I feel like those leveling this criticism are just used to a WoW paradigm, but in Guild Wars 1, players spent a majority of the game at "max" level so never really increased in power throughout. Furthermore, this downleveling is pivotal to making the game work. Imagine how much of a disaster it would be if level 80's could come to the newbie zones and stomp their way through all the events, denying newbies experience.

Instead, this system means that I can take any of my characters and play with my friends, which to me is vastly more important than being able to solo a low level instance or stroll through a newbie zone like some kind of demigod.

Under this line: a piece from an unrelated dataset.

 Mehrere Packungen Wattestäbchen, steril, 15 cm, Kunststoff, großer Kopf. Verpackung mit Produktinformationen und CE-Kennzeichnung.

After playing this, the "power difference" issues in games like WoW, where a high level player can stomp through low level zones, feels like more of a relic to me; a paradigm that only existed because we didn't yet have something better.

Conclusion

Being fair, I know this post comes off as me rushing to ANet's defense clad in my fanboy attire. Yet I do not deny that the game has issues; the lack of clear endgame goals can be confusing, the lack of raiding I miss. There are still plenty of bugged skillpoints and events that stall. The economy has some bumps. There are some issues with being able to farm. Some classes do need some balance tweaks. Those are all legitimate complaints, but speak more towards "tweaks" than the fundamentals of the game (that determine if it is fun in the long-run) which would justify the game being irreparably bad. If bugs doomed a game, Skyrim would have failed its way to the center of the Earth. Much like Skyrim, if you can look past the minor issues in GW2, the fun is there.

The game has its faults, and those are fair game, but I also feel that this vibe of "I hate it because it was hyped" is unfair. If you aren't enjoying it that's fine, but so many of these reasons feel like someone's vain attempts to justify that they just don't want to enjoy it.